Zaman geçtikçe, terim yeni, daha spesifik ve tanımlayıcı terimlere yol açmak için kullanılmaz hale geldi, çünkü "disritmi" kelimesi çok genel ve spesifik değildi; daha da kötüsü, bazı durumlarda EEG'de temel beyin ritmi değişiklikleri belirgin klinik belirtiler olmaksızın meydana gelebilir.

Kaynak: Antoine Lutz
Böylece, onlarca yıldır açık bir klinik anlamı olmaksızın serebral baz ritmindeki bir değişiklikle eşanlamlı olan serebral disritmi terimi terk edildi.
Bununla birlikte, yeni teknolojilerin ortaya çıkması, tanı yelpazesinin genişletilmesi ve spesifik nörofizyolojik çalışmalarla birlikte, bugüne kadar "idiyopatik" olarak sınıflandırılan belirli durumları, semptomları ve hatta davranışları açıklamak için serebral disritmi terimi yeniden kullanılmıştır. açık neden).
Serebral disritmi teriminin bu yeni yükselişi, her zaman en iyi kalitede olmasa da, konu hakkındaki bilgilerin bol olduğu dijital medyada yankılanmıştır; Öte yandan, tıp camiasının büyük bir kısmı tarafından rutin olarak kullanılmayan bu terimi kullanmanın uygunluğu konusunda uzmanlar arasında hala tartışmalar var.
Açıklama
Serebral disritmi, EEG'nin normal ritminden bir değişiklikten oluşan ancak tutarsız bir paternden oluşan anormal bir izlemeye uygulanan bir terimdir.
Bu, bazen temel beyin ritminin normal olduğu, bazılarında ise değiştirilebileceği anlamına gelir.
Sorun, disritmi klinik bulgularla ilişkilendirildiğinde ortaya çıkar, çünkü çoğu durumda EEG'nin anormal takibi, belirgin klinik değişikliklerle ilişkili değildir.

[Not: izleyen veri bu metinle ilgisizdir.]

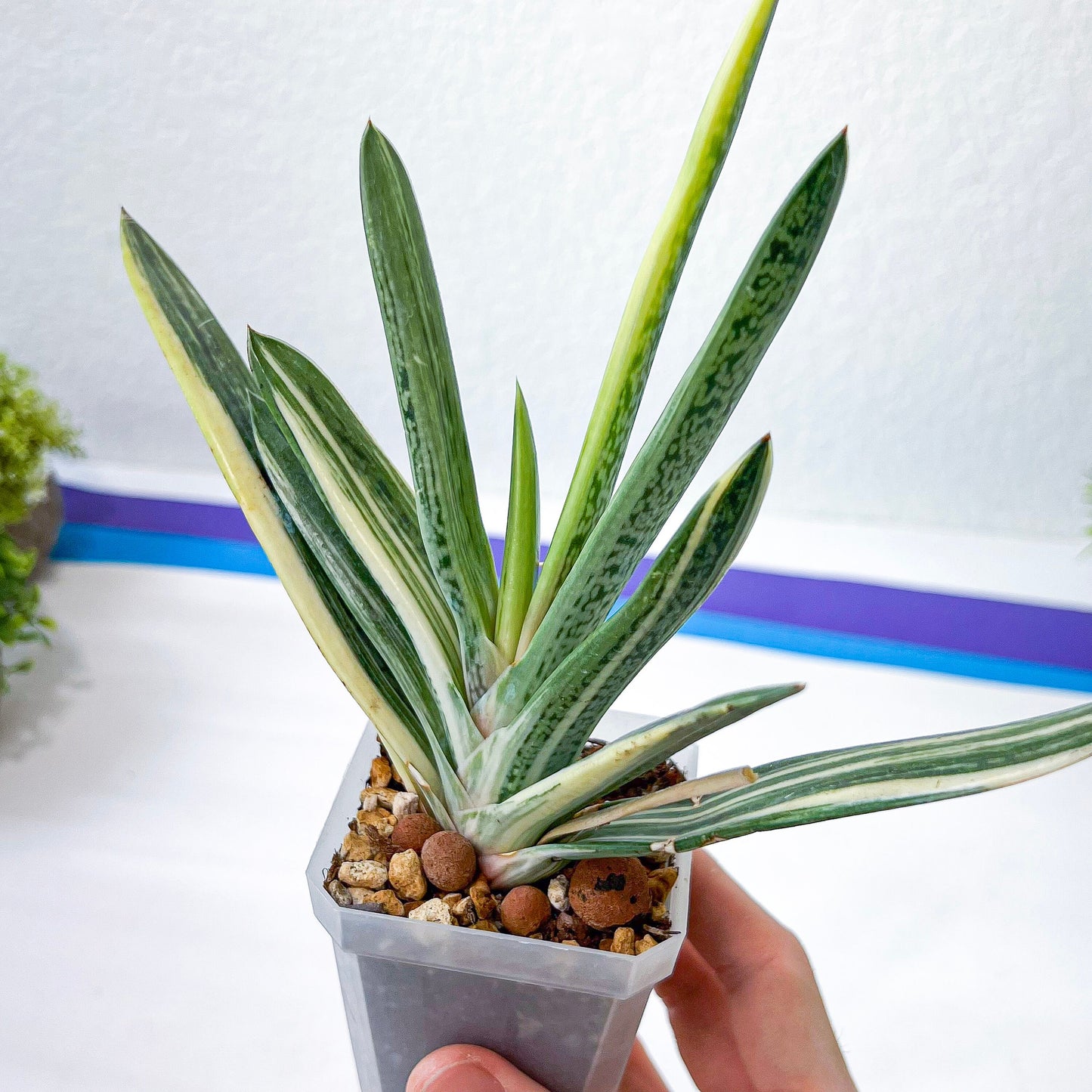 Rare Gasteria Hybrid (#F1) | South African Plants | Imported Plants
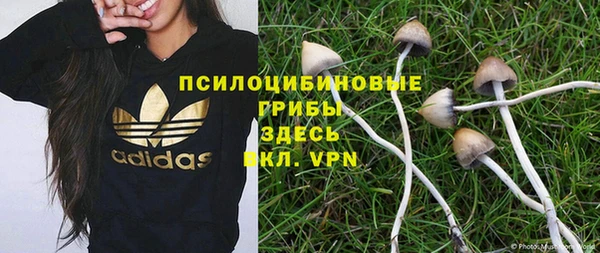 метадон Михайловск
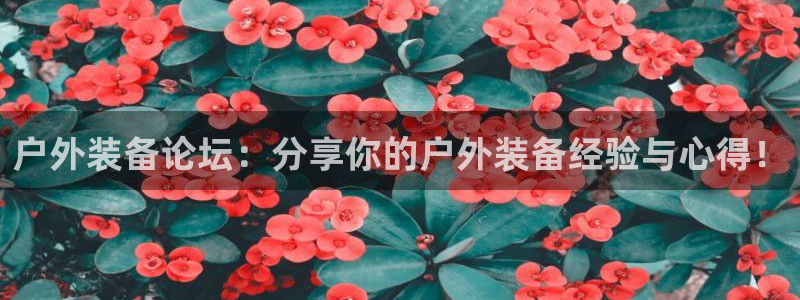 新宝gg主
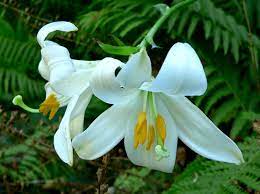 https://en.wikipedia.org/wiki/Lilium#/media/File:Lilium_candidum_1.jpg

Benzer şekilde, normal bir elektroensefalogram ile belirgin klinik semptomları ve bulguları (epilepsiye bağlı tonik-klonik nöbet gibi) olan kişilerde de söz konusu olabilir, bu nedenle terimin kullanımı tartışmalı olmaya devam etmektedir ve eğer teşhis açısından uygulama yeterli veya değil.
EEG izlemedeki değişikliklerin ne hakkında olduğunu biraz daha anlamak için, bazı temel kavramları hatırlamak yerinde olacaktır.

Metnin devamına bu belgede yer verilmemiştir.